You see, I don’t have a joint account with my husband either. Never have. Never will.
‘James obviously makes a great income and he’s my partner and that’s fantastic, but we don’t have a joint account,’ Chloe told The Mirror, explaining that they’ve ‘always had separate accounts’.
‘I think that’s a bit of a pride thing with me,’ she added.
Truthfully, I think it’s liberating for women to be financially independent and will be far better for her than if she had a joint account.
Before I met my husband Cornel back in 2006, I’d always assumed joint accounts were a given but I never particularly wanted one. Cornel is a pianist and interpreter and I am a journalist and author, so our salaries vary widely from month to month.
But never once in the 17 years we have been together have we sat down and decided to open a joint account. It’s just a subject that has never come up.
Instead, we split everything from our mortgage, bills, utilities and everything we buy for the kids, down the middle. Everything is set up to come out of my account and at the end of the month, Cornel will send me half.
And I’m grateful for that, because I can’t think of anything worse than having a joint account.
From what I can see, historically, couples used to get joint accounts, so that when women had babies, the man could ‘look after them’. But what a load of old tosh – joint accounts are merely shackles that strip both partners of their financial privacy.
I don’t check my husband’s bank balance, and neither does he mine. As long as we have enough between us to pay the mortgage and bills, what does it matter what we spend the rest on?
I love having the freedom to spend my own money, and having my own bank account means I can get away with telling my husband little white lies that my new bag cost £70, instead of 10 times that. Or I can buy several shades of Charlotte Tilbury lippy with no one to berate me.
I’d hate to have someone look at our bank balance and tell me off for buying a pair of new shoes or getting my hair done.
Friends have told me in the past that they’re horrified at my lack of financial transparency with my husband. He honestly has no idea how much I spend on ‘me stuff’ in a month, but likewise – neither do I with him. I trust he knows what to do with his own money not to be foolish with it.
I think joint bank accounts are just an archaic idea that keeps women at home, in their place – and having to justify their purchases
I can see why some people might want a joint account for bills, or if one person in the relationship earns vastly more than the other. But it’s just not for me.

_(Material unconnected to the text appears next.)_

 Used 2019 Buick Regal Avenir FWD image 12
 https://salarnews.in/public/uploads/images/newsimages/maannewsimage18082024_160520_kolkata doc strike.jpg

I worked for that money so it’s mine to spend once our family overheads are accounted for.
Another important issue with having your own account is how it is imperative that women in particular have their own money – and their own ‘getaway fund’, just in case they should ever need it.
I’ve seen various friends who had joint bank accounts and had begun to naively rely on their partner’s income, only for him to up and leave, leaving the woman in a precarious financial situation.
I’m in a very happy marriage and I trust my husband implicitly, but even the happiest of relationships can crumble and it’s my belief that every young girl embarking out into the world should be told to keep her own bank account at all times – financial security is sacred. I believe girls should be taught this in schools.
And it is for this reason that Chloe’s other comment also resonated with me – that she went back to work to support herself when her baby was only eight weeks old. She claimed that she needed the money.
Like Chloe, I too went back to work when both of my kids turned 12 weeks. It wasn’t ideal – working with my child in a baby bouncer by my feet. But it worked – and I made sure I was still earning enough to contribute to the household finances.
I think joint bank accounts are just an archaic idea that keeps women at home, in their place – and having to justify their purchases. I can’t think of anything worse.
So, Chloe Madeley, I take my hat off to you. You’ve kept your financial independence and are a real role model to your daughter by showing you can stand on your own two feet.
Chloe’s said she might want a joint account after her second baby. That’s her prerogative but I think she should stay as she is.
Never relinquish your financial independence. It may not always be easy – particularly when your baby is young – but you’ll be thankful you did in the long run.